SECURITIES AND EXCHANGE COMMISSION

Washington, DC 20549

 

FORM 8-K

 

CURRENT REPORT

 

Pursuant to Section 13 or 15(d) of the Securities Exchange Act of 1934

 

Date of Report (Date of earliest event reported)    September 25, 2014

 

IIM GLOBAL CORPORATION

(Exact name of registrant as specified in its charter)

 

Delaware 000-54545 46-2069547
(State or other jurisdiction of incorporation or
organization)
Commission File Number (I.R.S. Employer Identification No.)

 

160 E. Lake Brantley Drive, Longwood, FL 32779
(Address of principal executive offices) (Zip Code)

 

Registrant's telephone number, including area code: (407) 951-8640

 

not applicable
(Former name or former address, if changed since last report)

 

Check the appropriate box below if the Form 8-K filing is intended to simultaneously satisfy the filing obligation of the registrant under any of the following provisions (see General Instruction A.2. below):

 

oWritten communications pursuant to Rule 425 under the Securities Act (17 CFR 230.425)

 

oSoliciting material pursuant to Rule 14a-12 under the Exchange Act (17 CFR 240.14a-12)

 

oPre-commencement communications pursuant to Rule 14d-2(b) under the Exchange Act (17 CFR 240.14d-2(b))

 

oPre-commencement communications pursuant to Rule 13e-4(c) under the Exchange Act (17 CFR 240.13e-4(c))

 

 
 

 

Item 3.02         Unregistered Sales of Equity Securities.

 

From time to time IIM Global Corporation has borrowed funds for working capital from Penn Investments, Inc., a related party. At September 18, 2018 we owed Penn Investments, Inc. an aggregate of $1,165,675 of principal and accrued interest under four 15% promissory notes, which matured between September 30, 2014 and January 30, 2015. On September 24, 2014 we entered into a Note Conversion Agreement with Penn Investments, Inc. pursuant to which the principal and accrued interest due under these notes was converted into 2,915,000 shares of our common stock, based upon a conversion price of $0.40 per share, in full satisfaction of such notes. The conversion price was determined based upon negotiations between the Parties.

 

Penn Investments, Inc. is controlled by Douglas Solomon, our Chief Executive Officer and member of our Board of Directors.
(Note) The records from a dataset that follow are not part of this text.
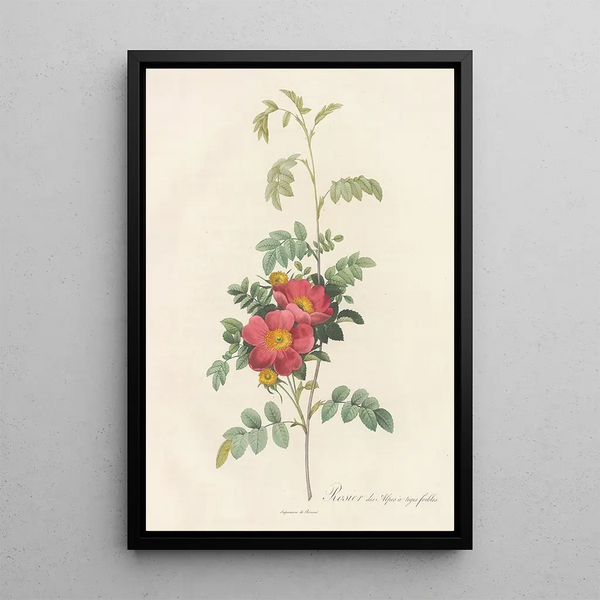 Rosa Alpina Debilis - Pierre Joseph Redouté — quadro incorniciato alla parete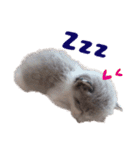 猫のココとナッツ（個別スタンプ：2）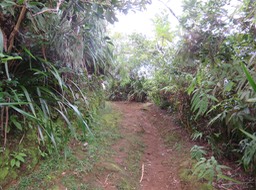 IMG_0607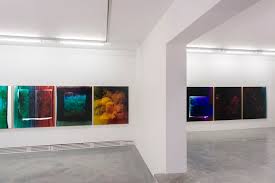 Sebastien Bonin Salon Indien 2014 Exhibition View Island Brussels
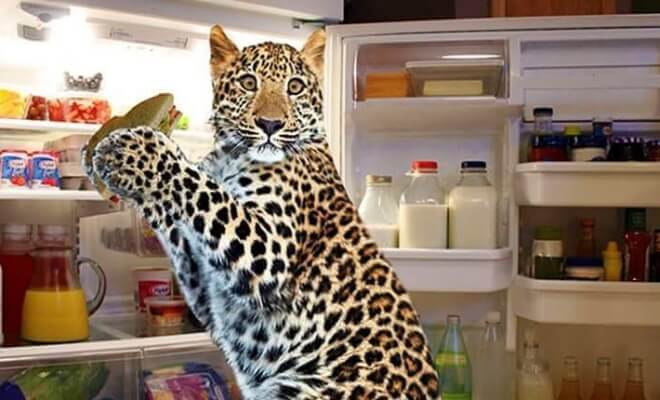 The Funniest Transformed Pictures By Photoshop Masters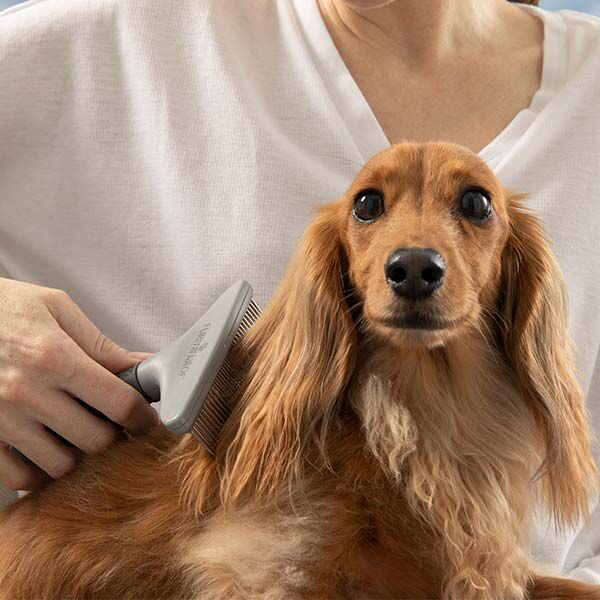 Furminator Rake Kedi ve Köpek Kıtık Açıcı Tarak 15cm - 8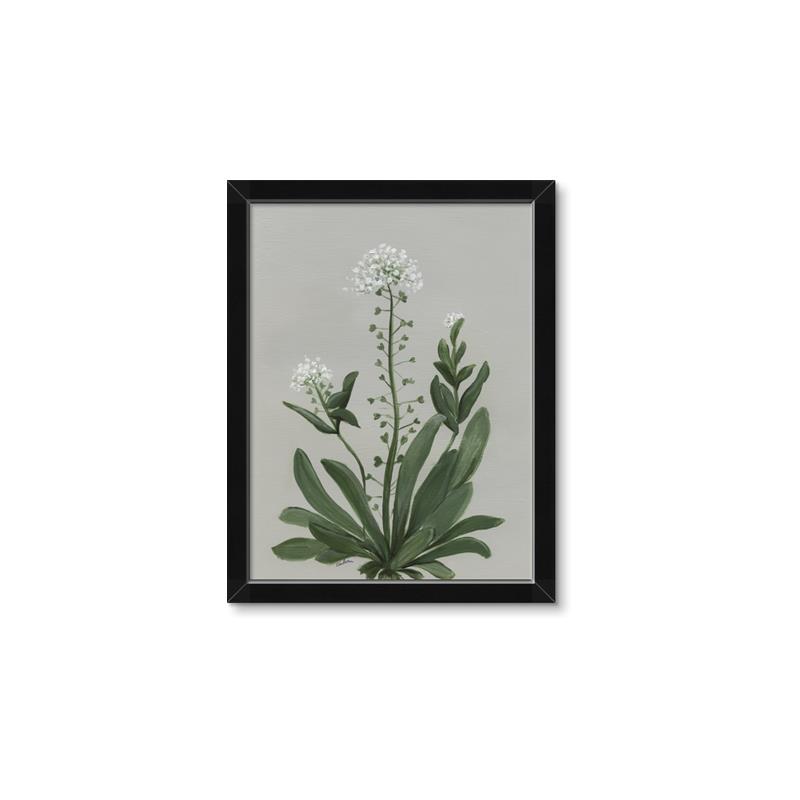 Picture of White flower II  _GroupedProduct_Rectangle_Portrait_Framed_Matted_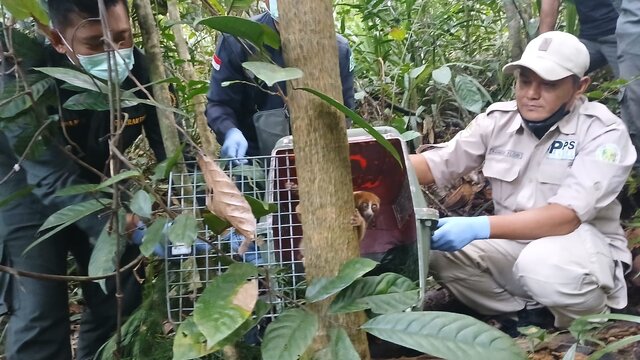 PT Timah Tbk Dukung Pelepasliaran Satwa Endemik di Hari Primata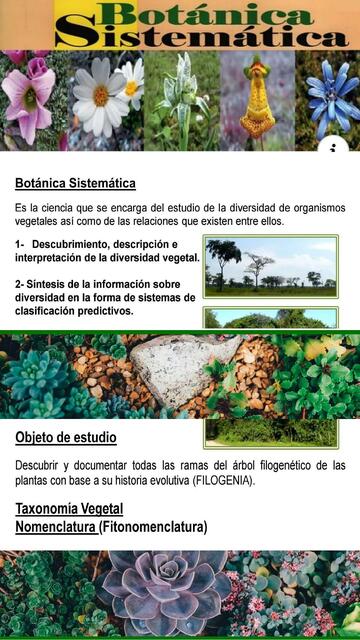 Para quién es este enfoque y qué necesidad específica aborda en tu negocio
The recipient is an accredited investor and the issuance was exempt from registration under the Securities Act of 1933, as amended, in reliance on exemptions provided by Sections 3(a)(9) and 4(a)(2) of such act. A copy of the Note Conversion Agreement is filed as Exhibit 10.16 to this report.

 

Item 9.01         Financial Statements and Exhibit

 

(d)          Exhibits

 

10.16      Note Conversion Agreement dated September 24, 2014 by and between IIM Global Corporation and Penn Investments, Inc.

 

SIGNATURES

 

Pursuant to the requirements of the Securities Exchange Act of 1934, the registrant has duly caused this report to be signed on its behalf by the undersigned hereunto duly authorized.